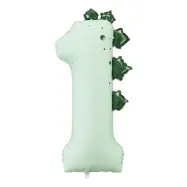 Sifferballong Dinosaurie - Siffra 1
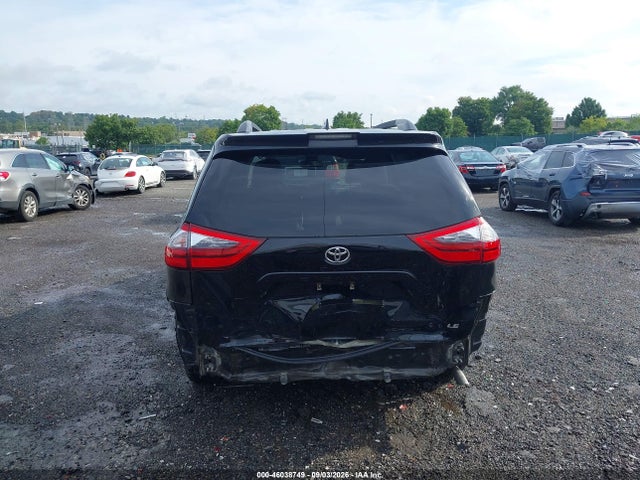 46038749 :رقم المزاد ، 5TDKZ3DC2LS084442 vin ، 2020 Toyota Sienna Le مزاد بيع
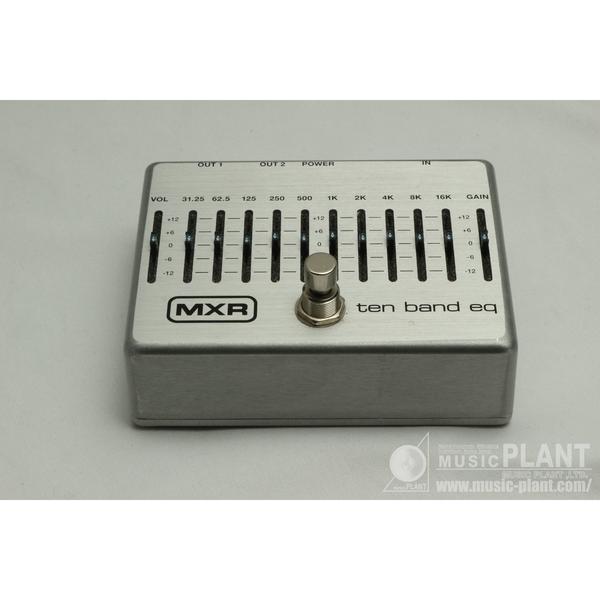 MXR-グラフィックイコライザーM108S 10 Band Graphic EQ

┄┄┄┄┄┄┄┄┄┄┄┄┄┄┄┄┄┄┄┄

**PROBLEM STATEMENT**. Retype the data above in full, exactly as it stands, and skip any image.

**FINISHED TASK**.
 Sifferballong Dinosaurie - Siffra 1
 46038749 :رقم المزاد ، 5TDKZ3DC2LS084442 vin ، 2020 Toyota Sienna Le مزاد بيع
 MXR-グラフィックイコライザーM108S 10 Band Graphic EQ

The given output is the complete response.